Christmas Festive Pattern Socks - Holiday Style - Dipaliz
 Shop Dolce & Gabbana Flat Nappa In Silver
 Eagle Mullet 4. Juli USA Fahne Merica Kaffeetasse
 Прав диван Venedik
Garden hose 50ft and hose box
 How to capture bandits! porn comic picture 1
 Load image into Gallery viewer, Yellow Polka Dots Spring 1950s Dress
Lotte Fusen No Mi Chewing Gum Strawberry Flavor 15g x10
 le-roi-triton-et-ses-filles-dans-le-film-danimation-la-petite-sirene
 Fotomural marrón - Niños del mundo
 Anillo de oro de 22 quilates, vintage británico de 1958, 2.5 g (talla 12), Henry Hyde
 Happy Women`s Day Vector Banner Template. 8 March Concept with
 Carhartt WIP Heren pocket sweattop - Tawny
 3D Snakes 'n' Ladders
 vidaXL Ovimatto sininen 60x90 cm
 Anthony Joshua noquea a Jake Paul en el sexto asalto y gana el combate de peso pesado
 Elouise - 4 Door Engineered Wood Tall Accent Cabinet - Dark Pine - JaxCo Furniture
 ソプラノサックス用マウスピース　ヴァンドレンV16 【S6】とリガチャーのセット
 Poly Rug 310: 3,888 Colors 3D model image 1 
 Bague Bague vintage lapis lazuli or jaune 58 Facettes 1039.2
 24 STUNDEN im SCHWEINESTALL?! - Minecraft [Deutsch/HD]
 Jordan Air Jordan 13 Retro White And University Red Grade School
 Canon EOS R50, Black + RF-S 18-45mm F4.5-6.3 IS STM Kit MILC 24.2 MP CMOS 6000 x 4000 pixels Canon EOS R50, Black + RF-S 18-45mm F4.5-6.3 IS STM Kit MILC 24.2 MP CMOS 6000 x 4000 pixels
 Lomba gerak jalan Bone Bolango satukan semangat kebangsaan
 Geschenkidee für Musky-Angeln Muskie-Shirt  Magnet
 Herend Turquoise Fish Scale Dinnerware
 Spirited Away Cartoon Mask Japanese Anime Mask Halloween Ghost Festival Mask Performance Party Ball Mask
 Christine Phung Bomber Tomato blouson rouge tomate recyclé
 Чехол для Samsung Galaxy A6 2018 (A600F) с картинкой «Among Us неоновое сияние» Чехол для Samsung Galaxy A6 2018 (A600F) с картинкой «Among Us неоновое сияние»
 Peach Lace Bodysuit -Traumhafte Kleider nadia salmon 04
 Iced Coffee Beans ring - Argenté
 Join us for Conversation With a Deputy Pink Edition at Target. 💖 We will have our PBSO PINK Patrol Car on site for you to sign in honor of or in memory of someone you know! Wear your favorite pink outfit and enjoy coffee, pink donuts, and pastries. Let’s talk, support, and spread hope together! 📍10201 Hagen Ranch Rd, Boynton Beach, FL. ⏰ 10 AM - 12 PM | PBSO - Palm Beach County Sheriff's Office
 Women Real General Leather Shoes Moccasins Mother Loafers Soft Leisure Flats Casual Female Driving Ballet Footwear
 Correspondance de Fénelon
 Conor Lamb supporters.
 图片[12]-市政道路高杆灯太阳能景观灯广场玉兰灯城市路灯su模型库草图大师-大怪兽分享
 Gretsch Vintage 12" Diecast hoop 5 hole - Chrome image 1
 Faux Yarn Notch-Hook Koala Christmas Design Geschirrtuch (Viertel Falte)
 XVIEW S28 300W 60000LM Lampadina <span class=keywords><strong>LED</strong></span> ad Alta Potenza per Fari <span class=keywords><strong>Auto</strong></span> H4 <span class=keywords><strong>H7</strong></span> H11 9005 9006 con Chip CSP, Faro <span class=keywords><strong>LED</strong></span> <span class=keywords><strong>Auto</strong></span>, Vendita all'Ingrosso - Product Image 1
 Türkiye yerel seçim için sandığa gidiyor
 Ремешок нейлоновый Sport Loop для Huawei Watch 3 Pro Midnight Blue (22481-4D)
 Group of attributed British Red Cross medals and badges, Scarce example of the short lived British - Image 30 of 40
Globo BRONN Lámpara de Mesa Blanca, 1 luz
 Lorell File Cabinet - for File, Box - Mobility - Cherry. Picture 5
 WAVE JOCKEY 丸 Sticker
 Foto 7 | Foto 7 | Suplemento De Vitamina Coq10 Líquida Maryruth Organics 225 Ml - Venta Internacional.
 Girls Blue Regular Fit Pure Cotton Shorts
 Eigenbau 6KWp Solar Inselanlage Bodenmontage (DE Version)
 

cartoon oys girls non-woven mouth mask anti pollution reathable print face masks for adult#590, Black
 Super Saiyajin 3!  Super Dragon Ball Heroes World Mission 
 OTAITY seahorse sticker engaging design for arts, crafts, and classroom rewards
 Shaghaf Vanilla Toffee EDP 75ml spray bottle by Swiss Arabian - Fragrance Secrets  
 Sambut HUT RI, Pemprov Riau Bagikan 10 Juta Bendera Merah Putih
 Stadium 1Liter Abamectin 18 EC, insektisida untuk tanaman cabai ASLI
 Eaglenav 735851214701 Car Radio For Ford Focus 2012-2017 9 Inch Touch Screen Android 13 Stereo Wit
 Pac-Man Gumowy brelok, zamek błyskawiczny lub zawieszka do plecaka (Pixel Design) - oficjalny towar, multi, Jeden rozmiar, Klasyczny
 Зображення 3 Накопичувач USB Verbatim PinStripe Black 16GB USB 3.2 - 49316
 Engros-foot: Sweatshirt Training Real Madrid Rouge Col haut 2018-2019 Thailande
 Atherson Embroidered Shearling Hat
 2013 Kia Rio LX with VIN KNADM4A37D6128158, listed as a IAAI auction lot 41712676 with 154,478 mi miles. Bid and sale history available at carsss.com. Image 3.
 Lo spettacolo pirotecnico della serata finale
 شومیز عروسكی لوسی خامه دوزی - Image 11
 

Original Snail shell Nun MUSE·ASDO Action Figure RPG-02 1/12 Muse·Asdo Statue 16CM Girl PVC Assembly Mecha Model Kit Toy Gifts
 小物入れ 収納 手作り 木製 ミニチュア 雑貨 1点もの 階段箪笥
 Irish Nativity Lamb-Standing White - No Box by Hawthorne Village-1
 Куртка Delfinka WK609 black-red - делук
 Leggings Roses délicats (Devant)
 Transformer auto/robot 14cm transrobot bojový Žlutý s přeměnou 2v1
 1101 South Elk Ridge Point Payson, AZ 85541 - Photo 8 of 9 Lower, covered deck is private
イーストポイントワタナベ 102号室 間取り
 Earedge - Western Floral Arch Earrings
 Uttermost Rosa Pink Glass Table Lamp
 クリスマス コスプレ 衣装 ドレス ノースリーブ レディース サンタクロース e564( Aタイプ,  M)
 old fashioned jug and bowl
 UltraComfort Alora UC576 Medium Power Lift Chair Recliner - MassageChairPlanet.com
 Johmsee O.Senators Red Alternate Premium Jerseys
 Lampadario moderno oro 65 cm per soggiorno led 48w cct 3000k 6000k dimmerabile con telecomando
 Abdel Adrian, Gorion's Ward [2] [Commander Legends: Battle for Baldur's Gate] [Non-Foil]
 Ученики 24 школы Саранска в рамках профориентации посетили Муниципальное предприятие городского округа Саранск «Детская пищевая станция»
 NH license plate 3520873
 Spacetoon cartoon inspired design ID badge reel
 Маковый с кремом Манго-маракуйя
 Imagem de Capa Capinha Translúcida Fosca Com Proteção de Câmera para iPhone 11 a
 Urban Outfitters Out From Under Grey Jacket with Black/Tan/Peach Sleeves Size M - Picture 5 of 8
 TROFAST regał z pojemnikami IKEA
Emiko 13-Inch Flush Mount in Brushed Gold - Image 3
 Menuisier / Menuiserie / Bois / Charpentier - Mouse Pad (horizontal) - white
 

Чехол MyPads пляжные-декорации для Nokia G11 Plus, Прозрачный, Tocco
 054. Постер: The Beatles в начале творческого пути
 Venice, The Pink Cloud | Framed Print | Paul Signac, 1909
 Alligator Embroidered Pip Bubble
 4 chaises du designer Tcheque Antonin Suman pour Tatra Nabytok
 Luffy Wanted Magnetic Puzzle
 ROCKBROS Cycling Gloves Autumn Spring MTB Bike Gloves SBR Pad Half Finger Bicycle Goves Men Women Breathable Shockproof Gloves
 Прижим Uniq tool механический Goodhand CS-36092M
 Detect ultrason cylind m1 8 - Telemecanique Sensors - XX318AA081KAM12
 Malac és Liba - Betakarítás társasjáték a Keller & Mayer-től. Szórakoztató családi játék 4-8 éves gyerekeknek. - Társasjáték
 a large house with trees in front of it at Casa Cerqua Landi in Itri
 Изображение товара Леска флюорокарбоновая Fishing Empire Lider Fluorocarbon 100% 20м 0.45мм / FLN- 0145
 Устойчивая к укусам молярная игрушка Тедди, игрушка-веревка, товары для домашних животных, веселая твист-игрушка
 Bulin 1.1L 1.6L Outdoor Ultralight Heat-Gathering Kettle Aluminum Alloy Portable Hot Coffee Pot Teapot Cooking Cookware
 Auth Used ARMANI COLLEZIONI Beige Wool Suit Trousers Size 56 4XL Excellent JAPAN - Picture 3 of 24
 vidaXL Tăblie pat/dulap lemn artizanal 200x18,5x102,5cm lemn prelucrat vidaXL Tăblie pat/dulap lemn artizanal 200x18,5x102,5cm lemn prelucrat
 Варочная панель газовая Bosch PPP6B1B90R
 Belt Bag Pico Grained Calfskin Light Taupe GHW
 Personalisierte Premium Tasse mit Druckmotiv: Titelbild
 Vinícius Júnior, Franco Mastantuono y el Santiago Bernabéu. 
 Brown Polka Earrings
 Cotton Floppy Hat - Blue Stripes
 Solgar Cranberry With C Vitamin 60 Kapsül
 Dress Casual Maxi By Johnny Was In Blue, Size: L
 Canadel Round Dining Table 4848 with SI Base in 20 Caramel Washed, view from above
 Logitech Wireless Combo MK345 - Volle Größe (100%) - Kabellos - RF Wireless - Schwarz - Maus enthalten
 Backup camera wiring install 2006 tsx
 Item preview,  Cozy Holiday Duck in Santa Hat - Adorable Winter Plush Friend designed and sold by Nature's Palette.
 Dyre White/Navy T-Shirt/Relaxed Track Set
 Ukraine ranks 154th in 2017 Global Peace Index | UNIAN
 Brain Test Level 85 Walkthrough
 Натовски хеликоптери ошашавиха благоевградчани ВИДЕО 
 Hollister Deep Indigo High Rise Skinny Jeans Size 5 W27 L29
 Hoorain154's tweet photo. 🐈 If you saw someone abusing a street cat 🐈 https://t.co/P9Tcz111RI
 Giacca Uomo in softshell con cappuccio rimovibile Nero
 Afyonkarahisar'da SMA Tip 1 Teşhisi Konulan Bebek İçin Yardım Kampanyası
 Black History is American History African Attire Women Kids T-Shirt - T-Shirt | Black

▸ **How to complete this task**
Copy the records above exactly, beginning at the line that contains "Ремешок нейлоновый Sport" and stopping after the line that contains "Sambut HUT RI, Pemprov".

▸ **Solution**
 Ремешок нейлоновый Sport Loop для Huawei Watch 3 Pro Midnight Blue (22481-4D)
 Group of attributed British Red Cross medals and badges, Scarce example of the short lived British - Image 30 of 40
Globo BRONN Lámpara de Mesa Blanca, 1 luz
 Lorell File Cabinet - for File, Box - Mobility - Cherry. Picture 5
 WAVE JOCKEY 丸 Sticker
 Foto 7 | Foto 7 | Suplemento De Vitamina Coq10 Líquida Maryruth Organics 225 Ml - Venta Internacional.
 Girls Blue Regular Fit Pure Cotton Shorts
 Eigenbau 6KWp Solar Inselanlage Bodenmontage (DE Version)
 

cartoon oys girls non-woven mouth mask anti pollution reathable print face masks for adult#590, Black
 Super Saiyajin 3!  Super Dragon Ball Heroes World Mission 
 OTAITY seahorse sticker engaging design for arts, crafts, and classroom rewards
 Shaghaf Vanilla Toffee EDP 75ml spray bottle by Swiss Arabian - Fragrance Secrets  
 Sambut HUT RI, Pemprov Riau Bagikan 10 Juta Bendera Merah Putih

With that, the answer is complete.